To do: Output the listing exactly, without its pictures.

Material provided:
====
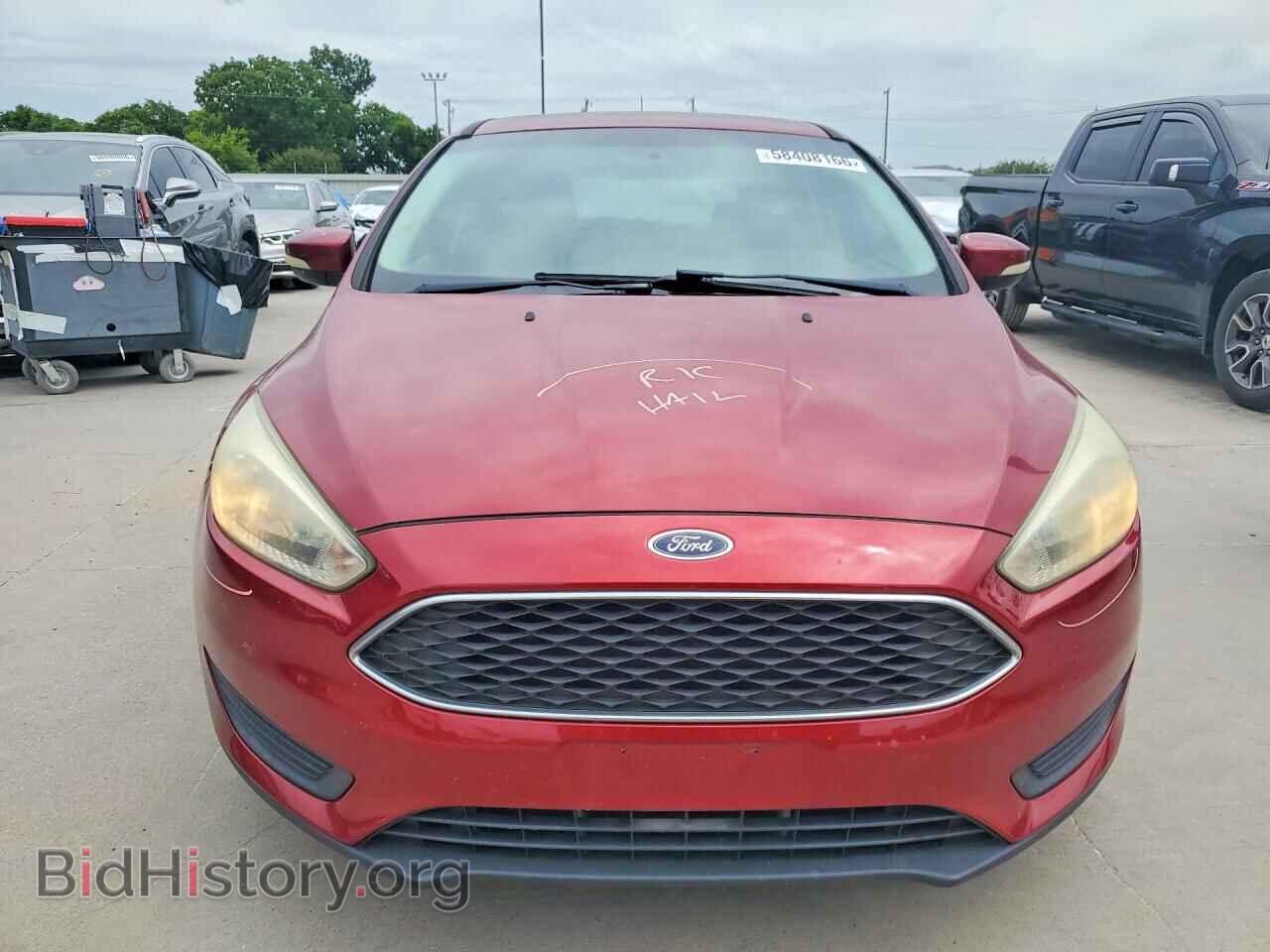2015 FORD FOCUS - VIN: 1FADP3K20FL261039 - Фото 5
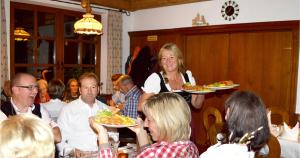 Hosté ubytování Gasthof Hotel zur Post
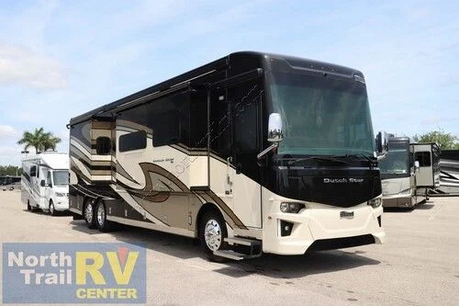 Class A Diesel Motorhome
for sale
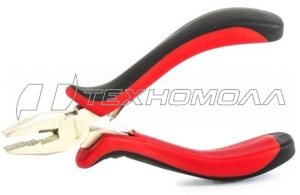 Плоскогубцы Mini 130 мм никелированные MATRIX 17816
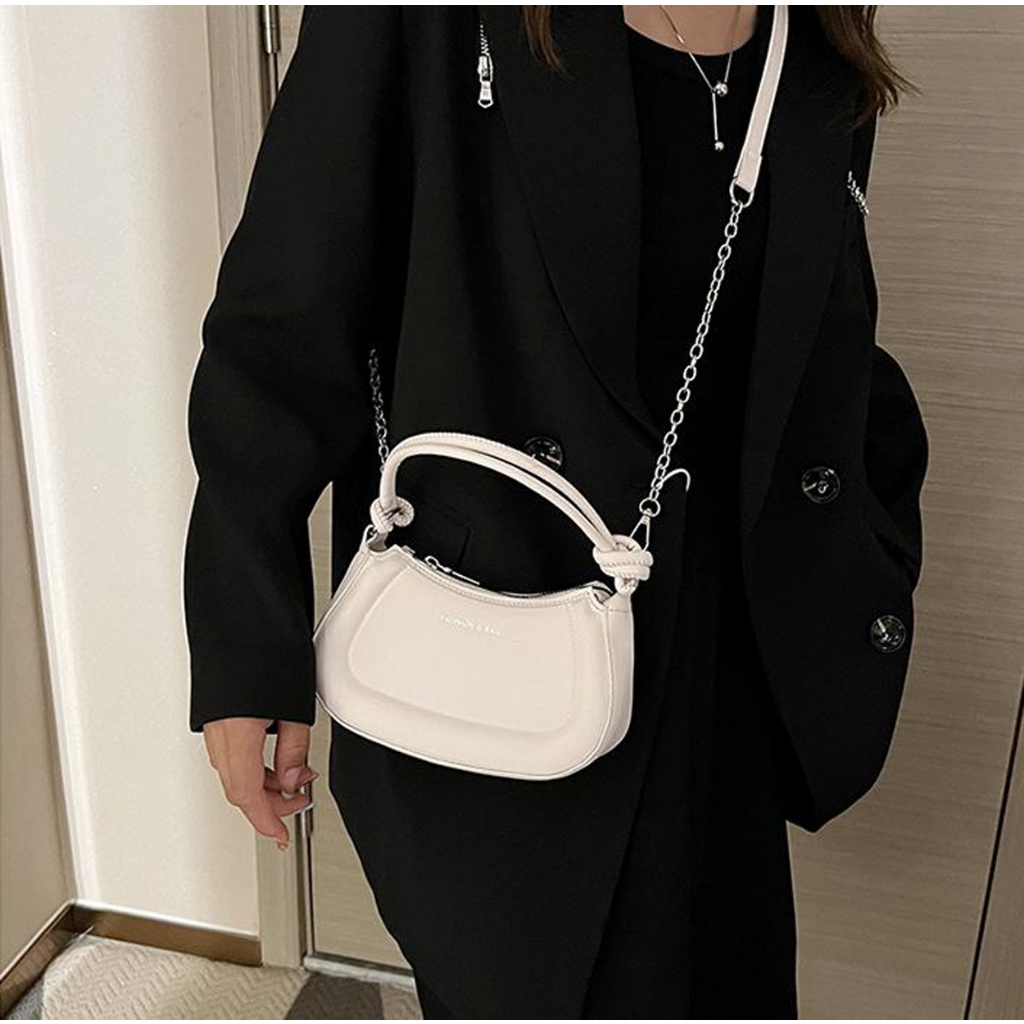 Túi nữ hot túi xách nữ đeo chéo Bag.thanhthu dáng bầu 2 dây siêu đẹp đi chơi đi tiệc 828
====
Problem solution:
2015 FORD FOCUS - VIN: 1FADP3K20FL261039 - Фото 5
 Hosté ubytování Gasthof Hotel zur Post
 Class A Diesel Motorhome
for sale
 Плоскогубцы Mini 130 мм никелированные MATRIX 17816
 Túi nữ hot túi xách nữ đeo chéo Bag.thanhthu dáng bầu 2 dây siêu đẹp đi chơi đi tiệc 828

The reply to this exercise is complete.